Use birdbaths, decorative ponds or natural sources to supply water for backyard wildlife. Dripping water is especially attractive to birds and can be supplied by rigging a garden hose or a hanging milk jug with a hole in the bottom. Bird baths should be at least 10 feet away from brush on all sides to prevent predators from sneaking up. The water should be less than two inches deep. In winter, bird baths with heaters attract a large variety of birds.
You can provide shelter for birds and small mammals in a variety of ways. Pile up broken branches, prunings and other plant materials for rabbits, wrens, towhees and sparrows. Thorny or densely branched trees and shrubs also provide excellent shelter. Consider planting species like shrub roses, blackberries and Russian olive. A variety of nest boxes are available to attract birds to your yard. European starlings and house sparrows will out -compete native songbirds for cavities and structures. Entrance holes should be less than 1.75 inches in size to keep starlings out of the boxes. The best way to cope with house sparrows is to remove their nests from the boxes.

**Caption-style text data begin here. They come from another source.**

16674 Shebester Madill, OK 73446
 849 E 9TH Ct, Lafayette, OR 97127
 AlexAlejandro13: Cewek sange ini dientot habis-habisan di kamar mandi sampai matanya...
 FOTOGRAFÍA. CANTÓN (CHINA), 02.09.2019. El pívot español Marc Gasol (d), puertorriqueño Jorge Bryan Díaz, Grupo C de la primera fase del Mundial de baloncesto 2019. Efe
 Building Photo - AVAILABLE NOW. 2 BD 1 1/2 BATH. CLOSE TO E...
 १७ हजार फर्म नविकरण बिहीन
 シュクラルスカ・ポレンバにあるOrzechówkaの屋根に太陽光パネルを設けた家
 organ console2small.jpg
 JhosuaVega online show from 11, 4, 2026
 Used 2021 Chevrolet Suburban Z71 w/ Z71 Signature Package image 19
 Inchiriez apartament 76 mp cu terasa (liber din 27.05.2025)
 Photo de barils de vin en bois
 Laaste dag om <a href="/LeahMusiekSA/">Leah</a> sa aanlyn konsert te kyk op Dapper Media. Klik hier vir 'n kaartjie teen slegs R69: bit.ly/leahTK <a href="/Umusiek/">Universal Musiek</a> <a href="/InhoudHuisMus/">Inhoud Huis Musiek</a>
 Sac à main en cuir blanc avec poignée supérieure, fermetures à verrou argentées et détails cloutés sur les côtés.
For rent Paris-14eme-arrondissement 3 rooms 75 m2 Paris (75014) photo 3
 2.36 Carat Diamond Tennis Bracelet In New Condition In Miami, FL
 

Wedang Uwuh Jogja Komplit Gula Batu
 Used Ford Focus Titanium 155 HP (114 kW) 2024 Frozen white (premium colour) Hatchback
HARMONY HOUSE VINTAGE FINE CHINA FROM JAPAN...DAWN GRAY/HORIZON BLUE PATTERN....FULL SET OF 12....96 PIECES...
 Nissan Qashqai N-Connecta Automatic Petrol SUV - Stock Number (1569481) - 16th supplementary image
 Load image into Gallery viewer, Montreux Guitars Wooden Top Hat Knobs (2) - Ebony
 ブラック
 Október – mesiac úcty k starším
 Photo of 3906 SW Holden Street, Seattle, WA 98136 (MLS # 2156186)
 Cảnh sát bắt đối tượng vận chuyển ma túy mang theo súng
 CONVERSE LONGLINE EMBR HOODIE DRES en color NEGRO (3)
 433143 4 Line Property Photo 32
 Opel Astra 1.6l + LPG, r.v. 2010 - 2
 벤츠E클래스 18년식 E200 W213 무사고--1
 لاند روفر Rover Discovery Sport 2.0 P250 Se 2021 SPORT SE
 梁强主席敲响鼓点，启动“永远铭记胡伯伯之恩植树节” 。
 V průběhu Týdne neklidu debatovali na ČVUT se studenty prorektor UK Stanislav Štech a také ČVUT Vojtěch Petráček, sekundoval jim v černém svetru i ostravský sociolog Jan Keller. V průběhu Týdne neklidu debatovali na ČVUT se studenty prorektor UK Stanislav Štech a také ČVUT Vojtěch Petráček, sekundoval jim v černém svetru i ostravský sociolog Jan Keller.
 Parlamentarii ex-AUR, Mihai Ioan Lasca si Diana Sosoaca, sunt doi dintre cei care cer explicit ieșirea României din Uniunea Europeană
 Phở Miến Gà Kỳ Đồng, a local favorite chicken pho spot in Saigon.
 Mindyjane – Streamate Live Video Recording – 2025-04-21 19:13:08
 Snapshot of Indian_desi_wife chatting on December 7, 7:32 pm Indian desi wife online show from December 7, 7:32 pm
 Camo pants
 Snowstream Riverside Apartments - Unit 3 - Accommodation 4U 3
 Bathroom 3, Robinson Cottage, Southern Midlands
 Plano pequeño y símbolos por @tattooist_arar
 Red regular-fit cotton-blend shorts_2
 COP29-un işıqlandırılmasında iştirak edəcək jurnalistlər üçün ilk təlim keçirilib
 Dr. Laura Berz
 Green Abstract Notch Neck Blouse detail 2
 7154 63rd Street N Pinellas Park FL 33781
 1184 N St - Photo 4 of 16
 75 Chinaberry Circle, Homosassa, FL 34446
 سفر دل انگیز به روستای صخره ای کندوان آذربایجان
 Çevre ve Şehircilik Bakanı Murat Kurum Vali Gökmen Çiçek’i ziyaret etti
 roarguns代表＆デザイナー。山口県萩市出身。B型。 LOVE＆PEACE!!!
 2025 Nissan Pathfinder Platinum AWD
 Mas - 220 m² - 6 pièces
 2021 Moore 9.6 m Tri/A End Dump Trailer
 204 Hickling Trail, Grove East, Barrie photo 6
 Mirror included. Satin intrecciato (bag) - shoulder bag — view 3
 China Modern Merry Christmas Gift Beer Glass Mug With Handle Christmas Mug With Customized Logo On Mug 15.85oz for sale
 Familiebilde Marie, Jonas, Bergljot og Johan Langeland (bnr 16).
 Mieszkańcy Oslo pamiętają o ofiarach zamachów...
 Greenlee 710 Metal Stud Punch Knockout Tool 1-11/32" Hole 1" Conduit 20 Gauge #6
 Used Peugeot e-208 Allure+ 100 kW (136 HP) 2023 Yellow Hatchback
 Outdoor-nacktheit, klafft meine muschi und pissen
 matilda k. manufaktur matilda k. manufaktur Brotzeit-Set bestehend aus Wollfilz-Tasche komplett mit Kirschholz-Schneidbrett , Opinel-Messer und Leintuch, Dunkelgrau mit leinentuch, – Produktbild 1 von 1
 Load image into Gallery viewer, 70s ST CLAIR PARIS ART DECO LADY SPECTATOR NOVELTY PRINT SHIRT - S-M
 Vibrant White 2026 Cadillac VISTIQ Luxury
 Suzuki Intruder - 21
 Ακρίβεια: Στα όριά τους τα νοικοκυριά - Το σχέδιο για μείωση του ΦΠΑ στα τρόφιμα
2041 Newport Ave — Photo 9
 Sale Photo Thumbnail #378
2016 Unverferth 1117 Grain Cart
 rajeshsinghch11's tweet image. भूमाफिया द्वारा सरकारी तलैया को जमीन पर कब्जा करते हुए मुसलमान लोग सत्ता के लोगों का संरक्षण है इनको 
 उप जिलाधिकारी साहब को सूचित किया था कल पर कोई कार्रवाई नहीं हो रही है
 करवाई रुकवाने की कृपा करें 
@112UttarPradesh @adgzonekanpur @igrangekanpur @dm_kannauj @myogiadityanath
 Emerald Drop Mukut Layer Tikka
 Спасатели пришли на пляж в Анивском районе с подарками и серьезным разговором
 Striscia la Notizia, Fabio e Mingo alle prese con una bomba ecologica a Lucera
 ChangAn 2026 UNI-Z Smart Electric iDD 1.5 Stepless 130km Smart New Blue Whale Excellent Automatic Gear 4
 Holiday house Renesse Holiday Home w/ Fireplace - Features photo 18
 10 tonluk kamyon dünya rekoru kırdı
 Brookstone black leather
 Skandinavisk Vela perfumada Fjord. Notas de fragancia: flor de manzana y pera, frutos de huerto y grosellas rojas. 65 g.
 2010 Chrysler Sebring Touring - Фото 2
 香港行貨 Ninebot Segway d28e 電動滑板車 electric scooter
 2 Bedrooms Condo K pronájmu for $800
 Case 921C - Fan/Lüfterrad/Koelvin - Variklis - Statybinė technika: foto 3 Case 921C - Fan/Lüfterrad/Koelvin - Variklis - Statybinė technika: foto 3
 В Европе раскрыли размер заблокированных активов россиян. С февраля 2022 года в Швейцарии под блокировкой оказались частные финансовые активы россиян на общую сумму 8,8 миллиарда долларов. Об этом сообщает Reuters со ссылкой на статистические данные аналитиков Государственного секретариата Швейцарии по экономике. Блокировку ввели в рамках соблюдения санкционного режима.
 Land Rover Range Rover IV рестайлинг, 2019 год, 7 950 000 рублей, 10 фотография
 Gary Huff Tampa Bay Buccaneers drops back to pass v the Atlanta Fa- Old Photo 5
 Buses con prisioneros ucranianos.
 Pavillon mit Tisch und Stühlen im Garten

Other Backyard Wildlife Enhancements
- Keep part of your garden muddy so robins and swallows can use the mud to build nests.
- Leave feathers from an old pillow or pieces of yarn or hair four to six inches long in your yard. Birds will use these to build nests.
- Leave thick, dead branches and dead tree trunks in your yard. Woodpeckers, chickadees, warblers and nuthatches will find insects on them.
- Keep your cat indoors. Songbirds and cats don’t mix!
- Minimize your use of insecticides. The more insects you have, the more birds will visit your yard.
- Leave some dry, bare ground where birds can take a dust bath. A nearby pile of sand or crushed eggshells will serve as a source of grit.